Sara scappò via, a stento consapevole delle svariate paia di occhi che si affacciavano dalle povere case circostanti, incuriosite e spaventate da quell’insolita apparizione. Corse oltre le case e in mezzo ai campi e non si voltò mai indietro.

Se l’avesse fatto, forse si sarebbe accorta che la vecchia si era staccata dal muro e si era messa a tocchicciare i resti dello zaino e del suo contenuto con le molle del camino.

“Cosa sta succedendo?” chiese una voce maschile dalla finestra. “Ti ho sentita urlare”.

“Figliolo”, disse la vecchia senza guardare l’uomo barbuto e col viso segnato dalle intemperie, “c’è una strega in paese. Abbiamo le prove. Vai a parlare con l’abate Felino, sono sicura che vorrà saperlo. E mentre vai chiama il prete, voglio far ribenedire la casa… e possa Dio aver pietà delle nostre anime”.

 

“Stavate parlando di me?” chiese Dio comparendo alle spalle del figlio e di Gaia con il triangolo di sghimbescio sulla testa e un cocktail con ombrellino rosso in mano.
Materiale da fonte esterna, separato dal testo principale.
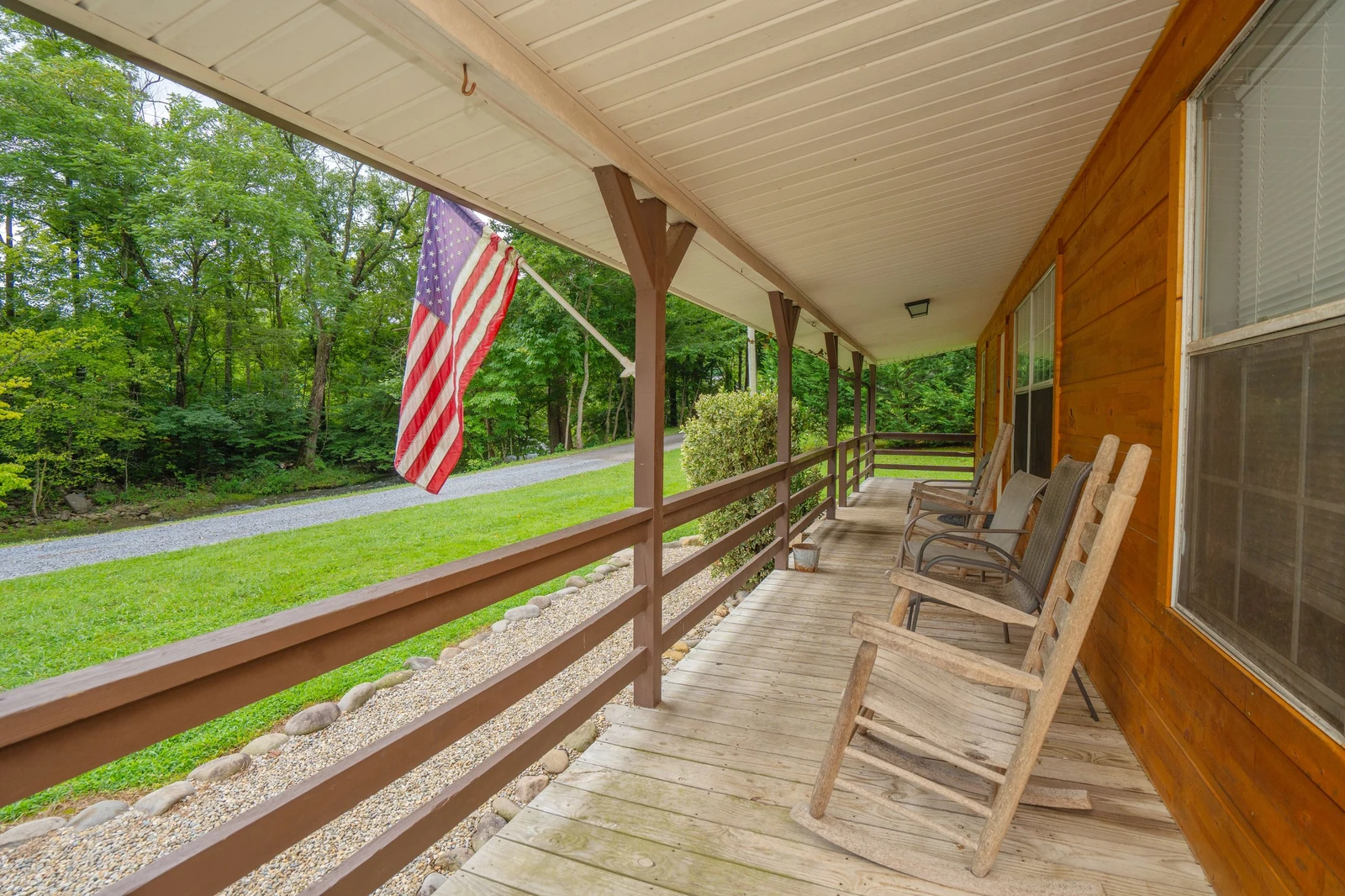 Quaint Cabin on Cosby Creek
“No, papà”, borbottò Gesù guardando altrove. “Sbronzo?”
“Nah, non ancora. Che fate di bello, ragazzi?”
“Ciao, Dio”, lo salutò Madre Natura. “Guardiamo la Terra così, per sfizio”.
“E succedono cose carine laggiù?” continuò sporgendosi. Sporgendosi un po’troppo, visto che incespicò in una nuvola e finì mezzo affacciato dal buco.

“Papà, cacchio, stai attento! Lo sai che quando fai così compari sulle fette di pane ammuffito! Torna su, dai!” Gesù afferro il Padre per la tunica bianca e lo tirò con vigore finché, con una mano da parte di Gaia, riuscì a riportarlo al suo posto.

“Oooops! Grazie, ragazzi. Siete in gamba. Oh, io torno alla festa. C’è Alì Babà che racconta le barzellette sconce. Venite con me?”
Gesù e Gaia si guardarono per un attimo.

“Tra un minuto, pa’. Grande festa, fighissima, ma vorrei stare un po’lontano dalla ressa”.

Ma Dio si era già allontanato cantando con voce tenorile “Bella Ciao”.